The hybrid threader doesn't handle &MEM in the final conditional.  As
I mentioned earlier, if this becomes an issue, we can adapt class
pointer_equiv_analyzer like we did for evrp.  I have a gimple FE test
I will contribute as an XFAIL with an associated PR to keep us honest.

That being said... in this particular test, this is all irrelevant
because the path will be disallowed for two reasons:

a) The path crosses loops, and the reason we didn't realize it in the
old code was because the ASSERT_EXPR had pulled the SSA outside the
loop, so it looks like the entire path is l in the same loop.  If you
look at the original IL, it's not.

b) Now the path actually fits the pattern being discussed in this
patch, where there's an early exit out of a loop, so it looks like we
should handle it.  But...in this case, we would fill a presently empty
latch.  Interestingly, the old code didn't catch it, because....you
guessed it...there was an ASSERT_EXPR in the latch.

So I argue that even in the absence of MEM_REF handling, we shouldn't
thread this path.

[-- Attachment #2: 0001-Loosen-loop-crossing-restriction-in-threader.patch --]
[-- Type: text/x-patch, Size: 5004 bytes --]

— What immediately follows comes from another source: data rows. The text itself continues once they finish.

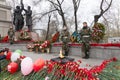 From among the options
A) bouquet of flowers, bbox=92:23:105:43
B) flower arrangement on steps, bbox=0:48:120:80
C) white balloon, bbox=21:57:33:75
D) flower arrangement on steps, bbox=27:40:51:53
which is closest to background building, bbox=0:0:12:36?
flower arrangement on steps, bbox=27:40:51:53

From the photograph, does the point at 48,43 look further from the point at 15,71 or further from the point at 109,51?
the point at 15,71

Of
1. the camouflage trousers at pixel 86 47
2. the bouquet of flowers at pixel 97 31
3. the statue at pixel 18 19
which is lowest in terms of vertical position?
the camouflage trousers at pixel 86 47

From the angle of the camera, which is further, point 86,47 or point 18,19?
point 18,19

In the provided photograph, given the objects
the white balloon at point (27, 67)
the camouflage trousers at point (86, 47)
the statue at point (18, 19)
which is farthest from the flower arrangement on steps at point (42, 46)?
the white balloon at point (27, 67)

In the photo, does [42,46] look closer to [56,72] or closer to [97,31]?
[97,31]

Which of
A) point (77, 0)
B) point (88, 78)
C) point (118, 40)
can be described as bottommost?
point (88, 78)

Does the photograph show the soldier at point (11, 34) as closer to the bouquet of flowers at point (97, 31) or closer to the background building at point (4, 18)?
the bouquet of flowers at point (97, 31)

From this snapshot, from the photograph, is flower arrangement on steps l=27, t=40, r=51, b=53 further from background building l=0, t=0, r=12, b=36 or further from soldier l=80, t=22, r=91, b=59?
background building l=0, t=0, r=12, b=36

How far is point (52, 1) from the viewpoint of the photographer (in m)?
30.8

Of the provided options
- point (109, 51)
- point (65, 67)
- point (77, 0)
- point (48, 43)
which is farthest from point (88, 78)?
point (77, 0)

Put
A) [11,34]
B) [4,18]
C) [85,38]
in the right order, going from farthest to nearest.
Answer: [4,18] < [11,34] < [85,38]

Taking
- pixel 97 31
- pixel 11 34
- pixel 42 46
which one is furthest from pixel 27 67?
pixel 11 34

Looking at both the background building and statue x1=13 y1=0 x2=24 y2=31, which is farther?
the background building

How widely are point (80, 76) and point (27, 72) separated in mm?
1366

From 5abe65668f602d53b8f3dc515508dc4616beb048 Mon Sep 17 00:00:00 2001
From: Aldy Hernandez <aldyh@redhat.com>
Date: Tue, 5 Oct 2021 15:03:34 +0200
Subject: [PATCH] Loosen loop crossing restriction in threader.

Crossing loops is generally discouraged from the threader, but we can
make an exception when we don't cross the latch or enter another loop,
since this is just an early exit out of the loop.

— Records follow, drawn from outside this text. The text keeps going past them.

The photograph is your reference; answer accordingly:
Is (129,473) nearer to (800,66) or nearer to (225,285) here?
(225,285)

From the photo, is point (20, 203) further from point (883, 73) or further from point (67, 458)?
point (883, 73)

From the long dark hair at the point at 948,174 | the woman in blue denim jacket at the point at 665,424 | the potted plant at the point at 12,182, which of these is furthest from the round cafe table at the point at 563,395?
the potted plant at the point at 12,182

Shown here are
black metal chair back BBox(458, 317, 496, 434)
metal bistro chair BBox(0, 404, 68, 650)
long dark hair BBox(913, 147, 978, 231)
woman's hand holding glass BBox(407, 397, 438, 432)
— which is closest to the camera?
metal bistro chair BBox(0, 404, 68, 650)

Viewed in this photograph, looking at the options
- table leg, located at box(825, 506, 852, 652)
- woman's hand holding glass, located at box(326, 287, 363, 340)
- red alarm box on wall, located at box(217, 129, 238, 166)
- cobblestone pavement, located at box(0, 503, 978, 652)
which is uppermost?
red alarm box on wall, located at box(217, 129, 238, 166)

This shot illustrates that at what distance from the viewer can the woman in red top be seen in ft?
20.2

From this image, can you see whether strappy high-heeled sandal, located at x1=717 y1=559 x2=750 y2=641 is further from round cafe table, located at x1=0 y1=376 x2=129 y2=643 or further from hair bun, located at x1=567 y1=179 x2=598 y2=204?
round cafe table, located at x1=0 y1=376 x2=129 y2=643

In fact, the whole threaded path is logically outside the loop.  This
has nice secondary effects.  For example, objects on the threaded path
will no longer necessarily be live throughout the loop, so we can get
register allocation improvements.  The threaded path can physically
move outside the loop resulting in better icache efficiency, etc.

Tested on x86-64 Linux, and on a visium-elf cross making sure that the
following tests do not have an abort in the final assembly:

gcc.c-torture/execute/960218-1.c
gcc.c-torture/execute/visium-pending-4.c
gcc.c-torture/execute/pr58209.c

gcc/ChangeLog:

	* tree-ssa-threadupdate.c (jt_path_registry::cancel_invalid_paths):

gcc/testsuite/ChangeLog:

	* gcc.dg/tree-ssa/ssa-thread-valid.c: New test.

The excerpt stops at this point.